Assignment:
Transcribe all of the data verbatim, please, and leave out its pictures.

The data:
+++

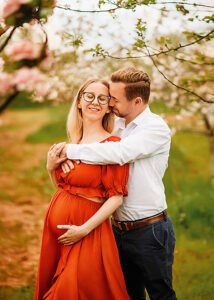 A loving couple in a sunlit orchard, the pregnant woman in a red dress smiling as her partner kisses her forehead, surrounded by delicate pink blossoms.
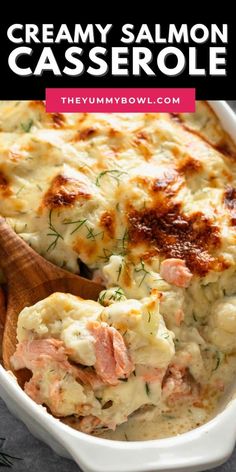 creamy salmon casserole in a white dish with a wooden spoon on the side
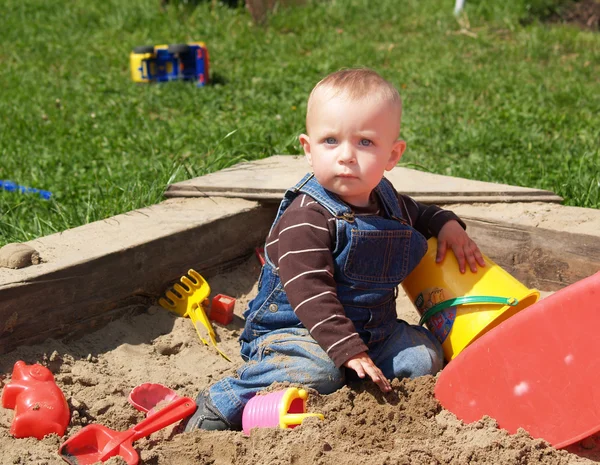 Girl in sand-pit — Stock Photo, Image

+++

Output of the task:
 A loving couple in a sunlit orchard, the pregnant woman in a red dress smiling as her partner kisses her forehead, surrounded by delicate pink blossoms.
 creamy salmon casserole in a white dish with a wooden spoon on the side
 Girl in sand-pit — Stock Photo, Image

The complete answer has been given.